Arrow functions
Arrow functions are just a shorter, more succinct way of creating an (unnamed) function. Arrow functions can be used almost everywhere a classical function can be used, except that they cannot be used as constructors. The syntax is either (parameter, anotherparameter, ...etc) => { statements } or (parameter, anotherparameter, ...etc) => expression. The first one allows you to write as much code as you want; the second is short for { return expression }. We could rewrite our earlier Ajax example as:
$.get("some/url", data, (result, status) => {
// check status, and do something
// with the result
});
A new version of the factorial code could be:
const fact2 = n => {
if (n === 0) {
return 1;
} else {
return n * fact2(n - 1);
}
};
console.log(fact2(5)); // also 120
Arrow functions are usually called anonymous functions, because of their lack of a name. If you need to refer to an arrow function, you'll have to assign it to a variable or object attribute, as we did here; otherwise, you won't be able to use it.
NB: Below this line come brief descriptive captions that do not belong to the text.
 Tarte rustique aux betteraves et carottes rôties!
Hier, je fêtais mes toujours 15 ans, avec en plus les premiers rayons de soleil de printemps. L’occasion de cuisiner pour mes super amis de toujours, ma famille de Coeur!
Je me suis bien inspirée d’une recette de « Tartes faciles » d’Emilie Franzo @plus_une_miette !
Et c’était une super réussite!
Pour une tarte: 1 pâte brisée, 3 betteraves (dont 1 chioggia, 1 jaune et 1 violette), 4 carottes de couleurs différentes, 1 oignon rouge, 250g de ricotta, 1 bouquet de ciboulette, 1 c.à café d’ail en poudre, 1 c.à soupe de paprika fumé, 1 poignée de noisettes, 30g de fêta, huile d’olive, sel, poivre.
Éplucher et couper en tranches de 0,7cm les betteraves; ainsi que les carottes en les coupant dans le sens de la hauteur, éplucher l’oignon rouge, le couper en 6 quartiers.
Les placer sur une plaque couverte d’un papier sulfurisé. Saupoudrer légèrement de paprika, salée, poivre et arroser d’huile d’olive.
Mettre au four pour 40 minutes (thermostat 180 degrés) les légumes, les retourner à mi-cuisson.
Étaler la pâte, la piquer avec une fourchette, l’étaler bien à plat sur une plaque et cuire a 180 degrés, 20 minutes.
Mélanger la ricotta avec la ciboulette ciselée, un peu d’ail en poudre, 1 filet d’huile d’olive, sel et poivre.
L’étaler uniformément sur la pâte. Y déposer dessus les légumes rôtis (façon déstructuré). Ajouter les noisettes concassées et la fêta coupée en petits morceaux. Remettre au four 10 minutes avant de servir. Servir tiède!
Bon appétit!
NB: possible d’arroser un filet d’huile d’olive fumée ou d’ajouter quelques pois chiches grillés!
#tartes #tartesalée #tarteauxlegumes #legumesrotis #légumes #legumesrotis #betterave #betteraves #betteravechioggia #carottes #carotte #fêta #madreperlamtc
We'll see more in section Arrow Functions of Chapter 3, Starting Out with Functions - A Core Concept.
You would probably write the latter as a one-liner -- can you see the equivalence?
const fact3 = n => (n === 0 ? 1 : n * fact3(n - 1));
console.log(fact3(5)); // again 120
With this shorter form, you don't have to write return -- it's implied. A short comment: when the arrow function has a single parameter, you can omit the parentheses around it. I usually prefer leaving them, but I've applied a JS beautifier, prettier, to the code, and it removes them. It's really up to you whether to include them or not! (For more on this tool, check out https://github.com/prettier/prettier.) By the way, my options for formatting were --print-width 75 --tab-width 4 --no-bracket-spacing.
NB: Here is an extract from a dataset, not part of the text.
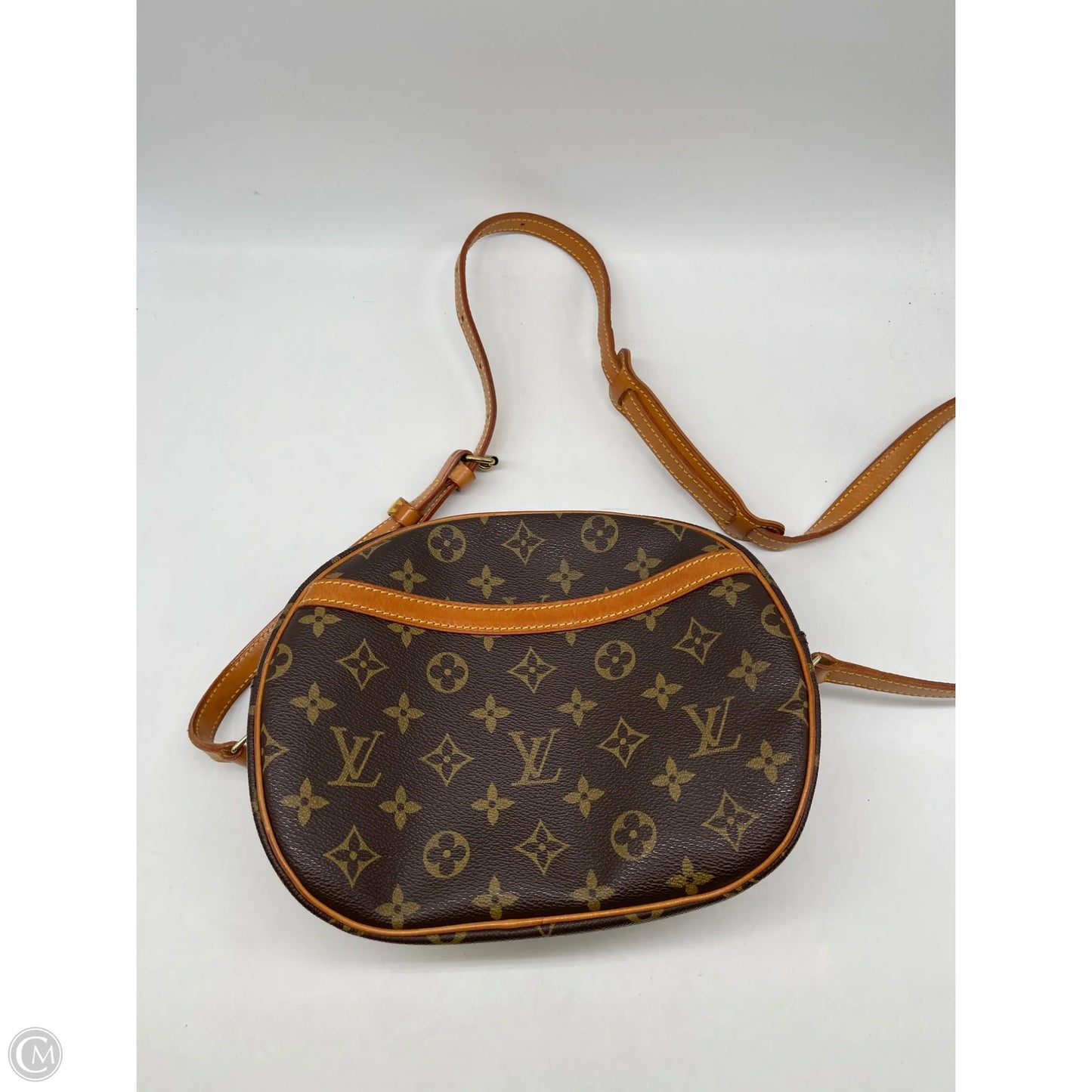 Crossbody Luxury Designer By Louis Vuitton, Size: Small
In lambda calculus, a function as x => 2*x would be represented as λx.2*x -- though there are syntactical differences, the definitions are analogous. Functions with more parameters are a bit more complicated: (x,y)=>x+y would be expressed as λx.λy.x+y. We'll see more about this in section Of Lambdas and functions, in Chapter 3, Starting Out with Functions - A Core Concept, and in section Currying, in Chapter 7, Transforming Functions - Currying and Partial Application.